生活保護体験談 F.U.さん37歳女性 生活保護受給のために一人暮らしを余儀なくされました


皆さんからお寄せいただいた生活保護にまつわる体験談やエピソードです。出来るだけ原文に忠実な形でおのせしていますが一部プライバシーに関わる部分は改変してありますのでご了承下さい。

生活保護受給のために一人暮らしを余儀なくされました
コールセンター勤務のF.U.37歳女性です。
以前勤めていたコールセンターで仲良くなった女性のお母様が生活保護を受給されていました。プライバシーにかかわる内容なので、私から積極的に聞いたわけではありませんが、その彼女も経済的に追い込まれている様子で、ある時に、社内でちょっとしたトラブルがあり、彼女の身の上について詳しく聞くことになりました。彼女は26歳。一人暮らしでした。両親は彼女が子供のころに離婚されており、彼女は母親が親権を持ち、母親に育てられたそうです。でも、暮らしは貧しく、彼女は中学卒業後、アルバイトで働きながら定時制高校に通っていたとのことです。でも、アルバイトが忙しくなり、どうしても学業と両立させることができず、高校は中退してしまったとのこと。彼女は、笑いながら中卒だと言っていました。父親は離れた場所で暮らしていたそうですが、数年前に病気で亡くなってしまったとのことでした。
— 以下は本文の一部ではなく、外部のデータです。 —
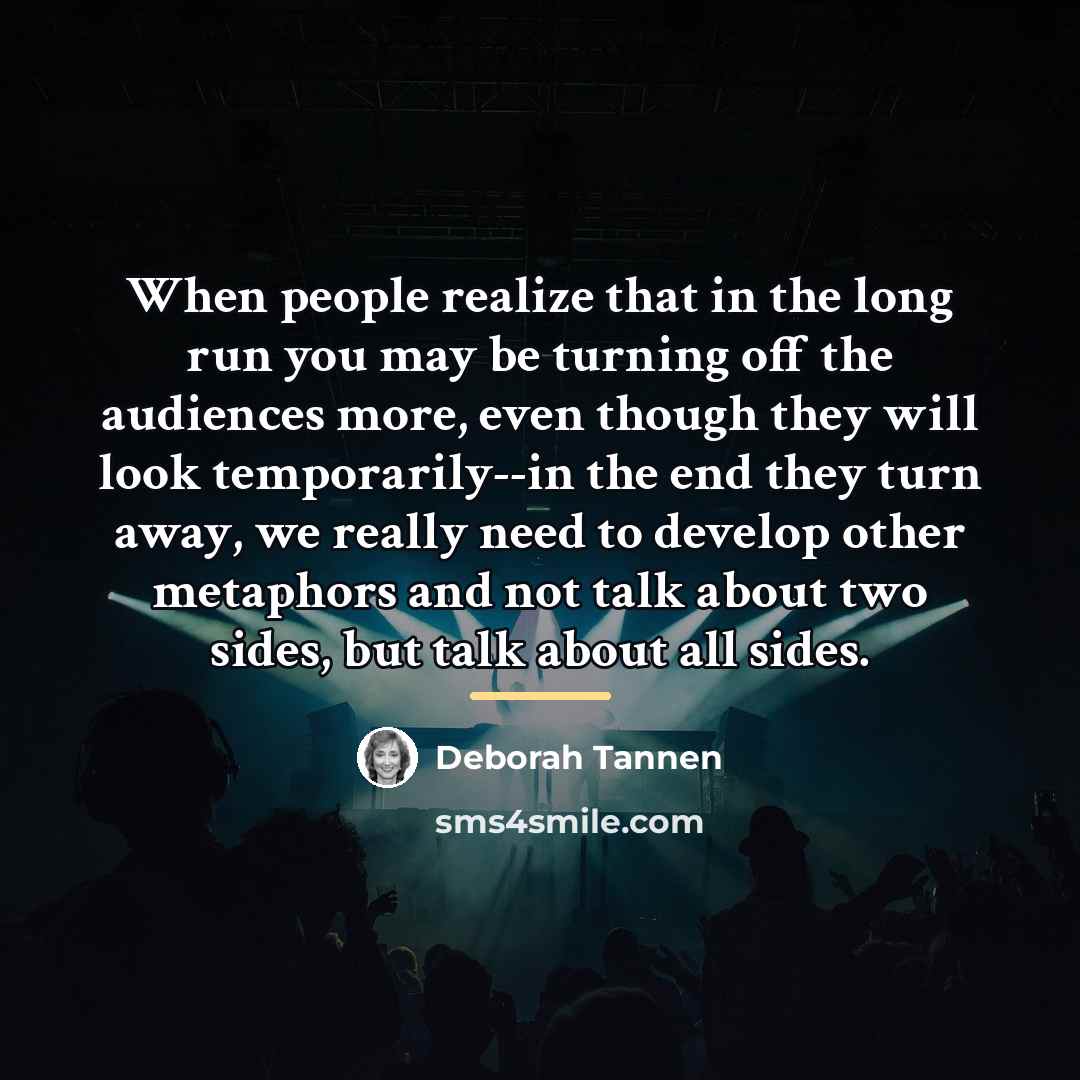 “When people realize that in the long run you may…” quote by Deborah Tannen
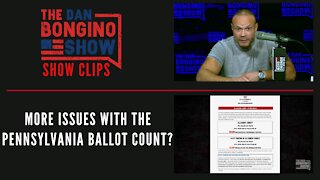More Issues With The Pennsylvania Ballot Count? - Dan Bongino Show Clips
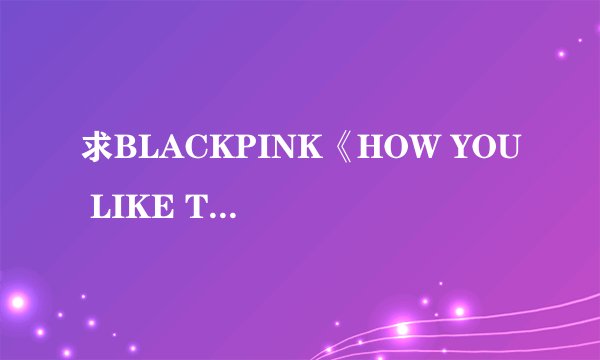 求BLACKPINK《HOW YOU LIKE THAT 》中文音译歌词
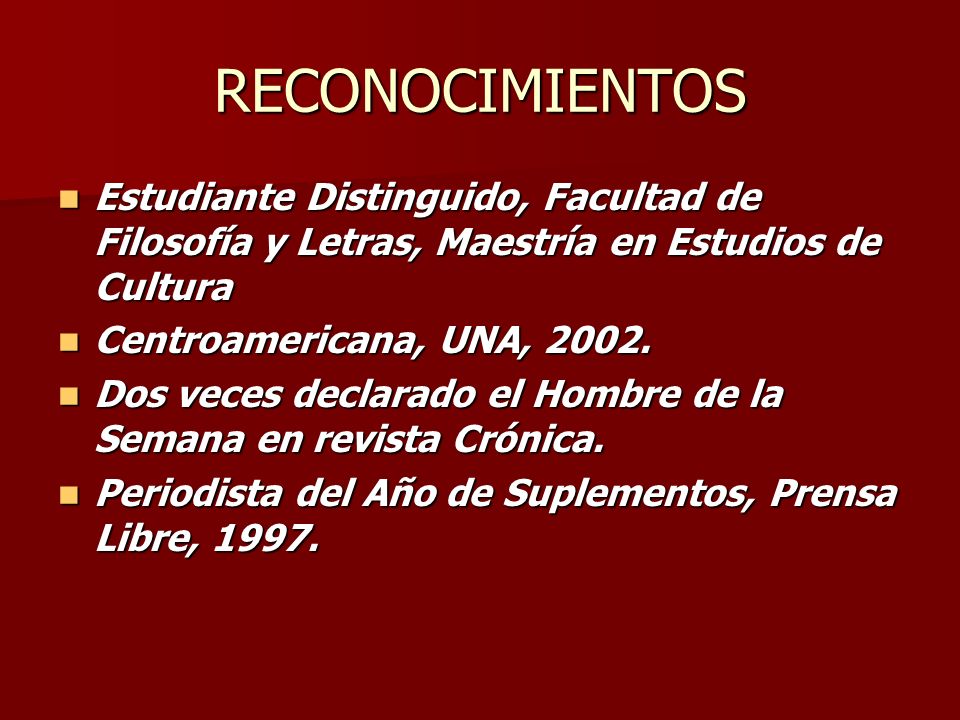RECONOCIMIENTOS Estudiante Distinguido, Facultad de Filosofía y Letras, Maestría en Estudios de Cultura.
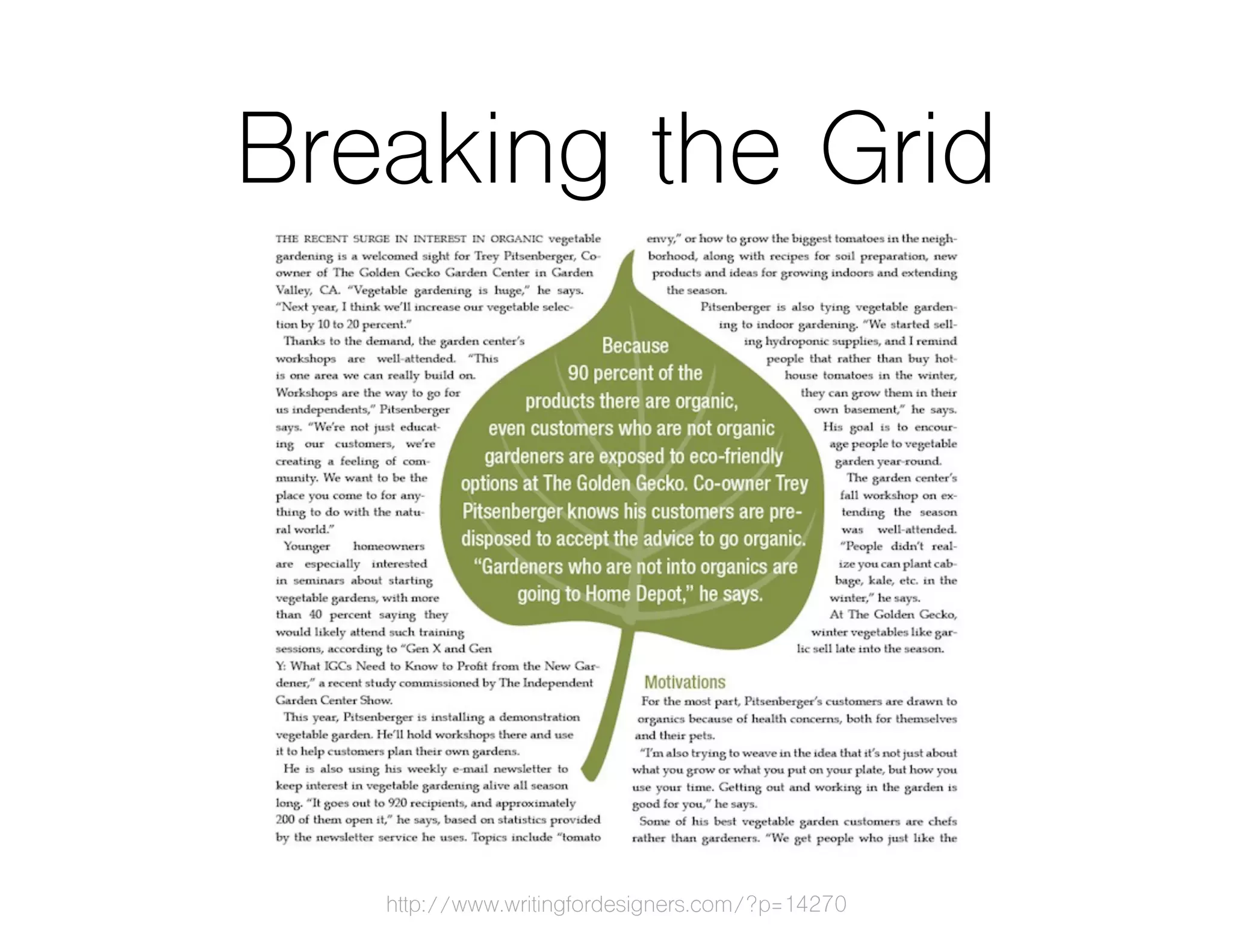 Breaking the Grid
http://www.writingfordesigners.com/?p=14270
 
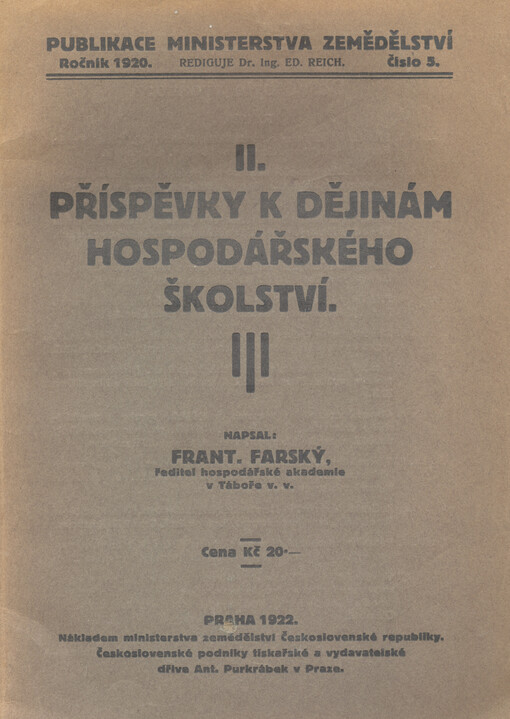 Stručný přehled vývoje školsktví a vyučování hospodářského vůbec v království Českém do roku 1918 : období 1728 - 1884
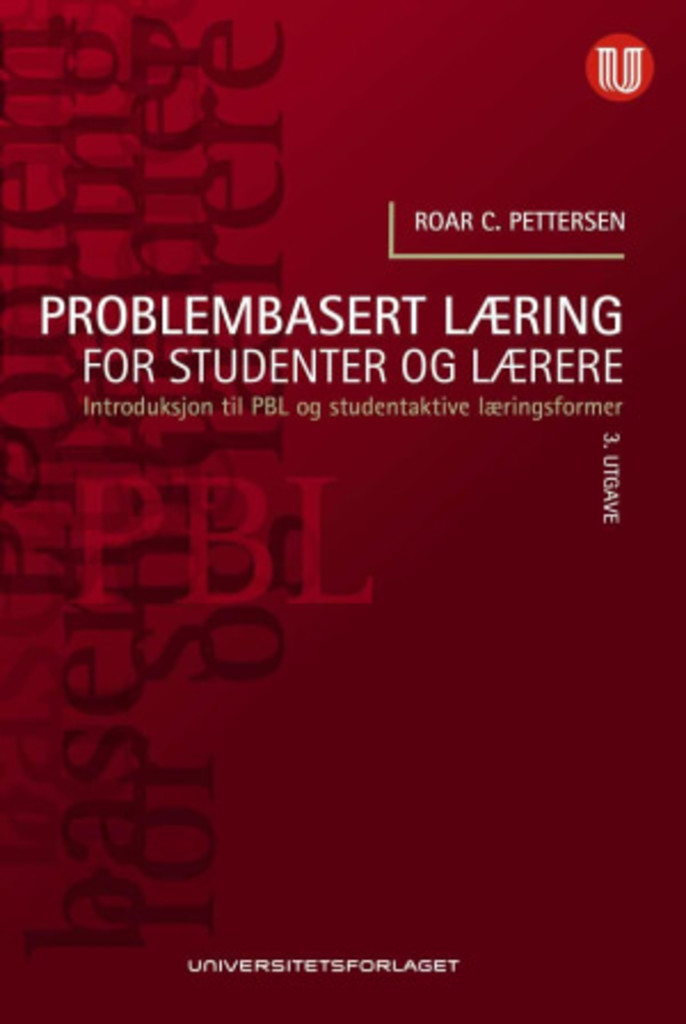 Problembasert læring for studenter og lærere - introduksjon til PBL og studentaktive læringsformer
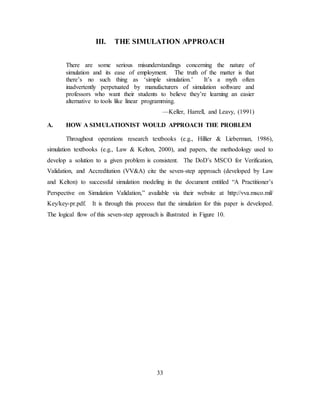 33
III. THE SIMULATION APPROACH
There are some serious misunderstandings concerning the nature of
simulation and its ease of employment. The truth of the matter is that
there’s no such thing as ‘simple simulation.’ It’s a myth often
inadvertently perpetuated by manufacturers of simulation software and
professors who want their students to believe they’re learning an easier
alternative to tools like linear programming.
—Keller, Harrell, and Leavy, (1991)
A. HOW A SIMULATIONIST WOULD APPROACH THE PROBLEM
Throughout operations research textbooks (e.g., Hillier & Lieberman, 1986),
simulation textbooks (e.g., Law & Kelton, 2000), and papers, the methodology used to
develop a solution to a given problem is consistent. The DoD’s MSCO for Verification,
Validation, and Accreditation (VV&A) cite the seven-step approach (developed by Law
and Kelton) to successful simulation modeling in the document entitled “A Practitioner’s
Perspective on Simulation Validation,” available via their website at http://vva.msco.mil/
Key/key-pr.pdf. It is through this process that the simulation for this paper is developed.
The logical flow of this seven-step approach is illustrated in Figure 10.
 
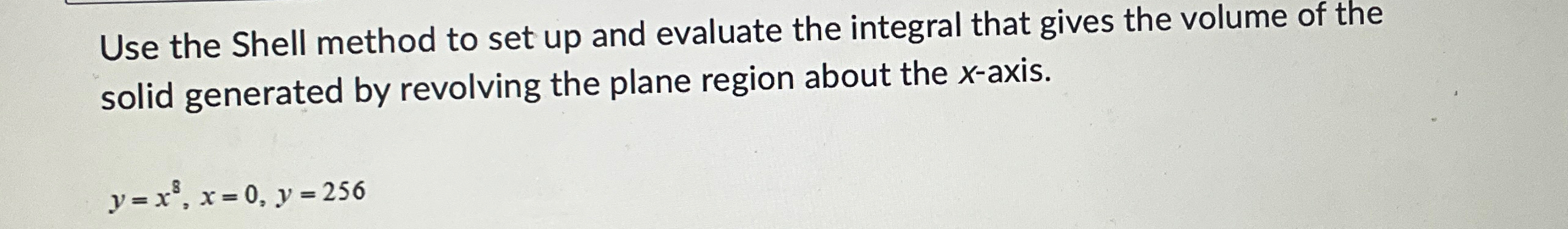 Solved Use the Shell method to set up and evaluate the | Chegg.com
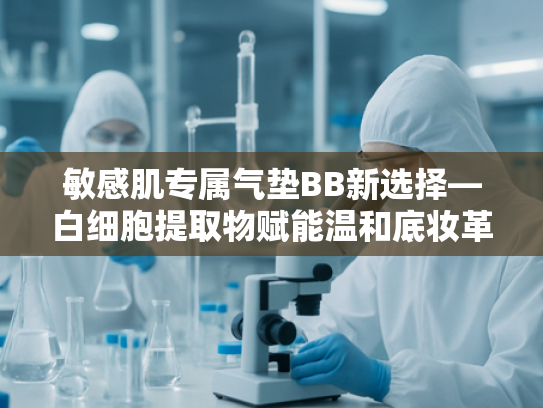 敏感肌专属气垫BB新选择—白细胞提取物赋能温和底妆革命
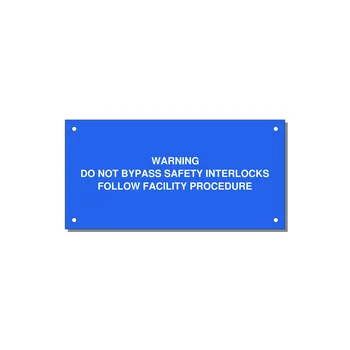 Do Not Bypass Safety Interlocks Label — 6x3" White on Blue, Holes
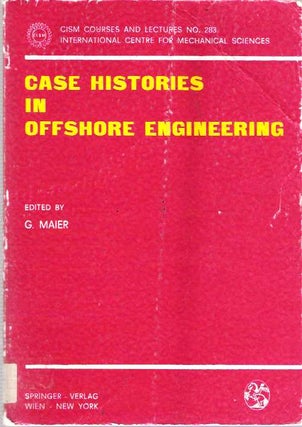 Item #7086 Case Histories in Offshore Engineering. Giulio Maier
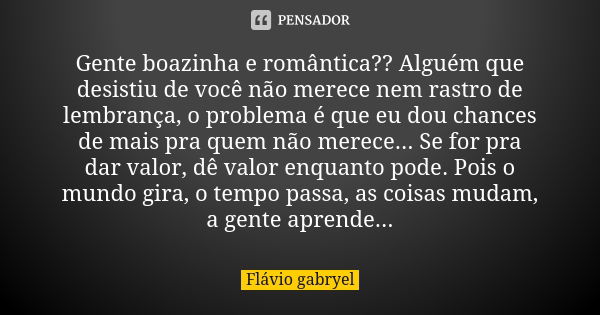 Gente boazinha e romântica?? Alguém que desistiu de você não merece nem rastro de lembrança, o problema é que eu dou chances de mais pra quem não merece... Se f... Frase de Flávio Gabryel.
彼女が20歳迎えたころ、母親が緑内障にかかってしまい、視野がどんどん狭くなり、視力もどんどん奪われてしまったそうです。きちんとした治療が受けられれば、もしかしたら、経過は違ったのかもしれませんが、母親はそんな状態で満足に働くことができず、彼女のアルバイトで稼いだお金だけでは、保険に入ることもままならず、手術なんてできなかったと言っていました。当然、母親は満足に働くことはできません。




そんな中、さらに追い打ちをかけるように、アルバイト先での人間関係に苦しみ、鬱状態になることが多く、アルバイト先を辞めることになりました。まだ若いため、すぐにアルバイト先は見つかりますが、やはり、彼女と母親二人分の生活を十分に賄えるほどではなく、生活は常にギリギリの状態だったということです。そこで、たまたま彼女の周囲にいた生活保護受給者の方に、生活保護の話を聞き、自分たちも生活保護を申請することに決めたそうです。

しかし、生活保護を受給するには、条件があり、彼女が母親と一緒に暮らしていては、彼女に一定の収入があったため、彼女がいては、母親は生活保護が受けられないことが分かったそうです。そこで苦渋の決断をし、彼女は母親とは別の市で一人暮らしをすることを決意したとのことでした。一人暮らしにかかった諸経費も知り合いに借金を申し出たとのことでした。

その後、彼女の母親は、視覚障害のため身体障害者2級の申請をし、障害者手帳を取得し、一人暮らしをした上で、生活保護の申請をし、受給に至ったとのことでした。彼女が母親が受給している生活保護の金額のおよそを教えてくれましたが、12万程度とのこと。でも、その当時の暮らしぶりを間近で見聞きしていた私は、母親よりも彼女の方が苦しい生活をしているように見えました。

彼女はその後、諸事情により、その職場を私より先に去っていきましたが、おそらく今も母親は生活保護を受給されているのだと思います。彼女の母親は生活保護を受給すべき立場だと思っていますが、生活保護を受けるための条件というのは、納得がいかないものがあると今も思っています。